**Provided entries**
============

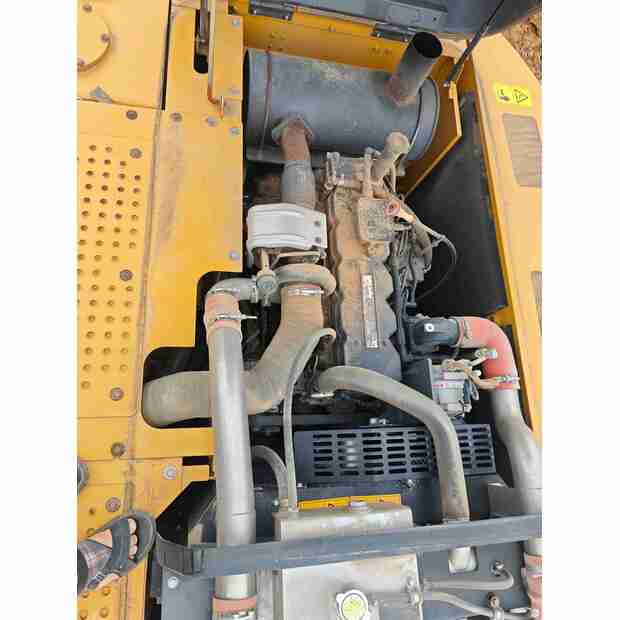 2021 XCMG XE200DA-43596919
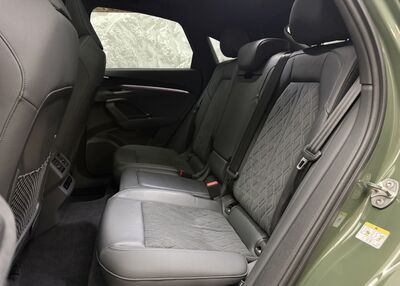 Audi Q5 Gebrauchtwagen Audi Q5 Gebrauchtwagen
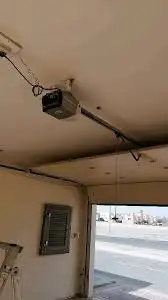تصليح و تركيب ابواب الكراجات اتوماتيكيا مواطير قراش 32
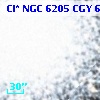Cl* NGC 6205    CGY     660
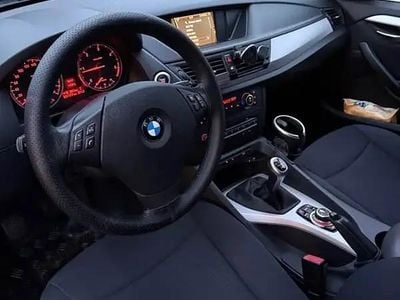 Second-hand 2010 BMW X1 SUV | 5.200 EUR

============

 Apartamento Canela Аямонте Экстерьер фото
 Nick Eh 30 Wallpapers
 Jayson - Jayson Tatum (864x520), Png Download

============

**Task to carry out**
Using the listing above, restate exactly the range between the lines holding "2021 XCMG XE200DA-43596919" and "Second-hand 2010 BMW X1 SUV | 5.200 EUR", inclusive, with pictures left out.

**Result**
 2021 XCMG XE200DA-43596919
 Audi Q5 Gebrauchtwagen Audi Q5 Gebrauchtwagen
تصليح و تركيب ابواب الكراجات اتوماتيكيا مواطير قراش 32
Cl* NGC 6205    CGY     660
 Second-hand 2010 BMW X1 SUV | 5.200 EUR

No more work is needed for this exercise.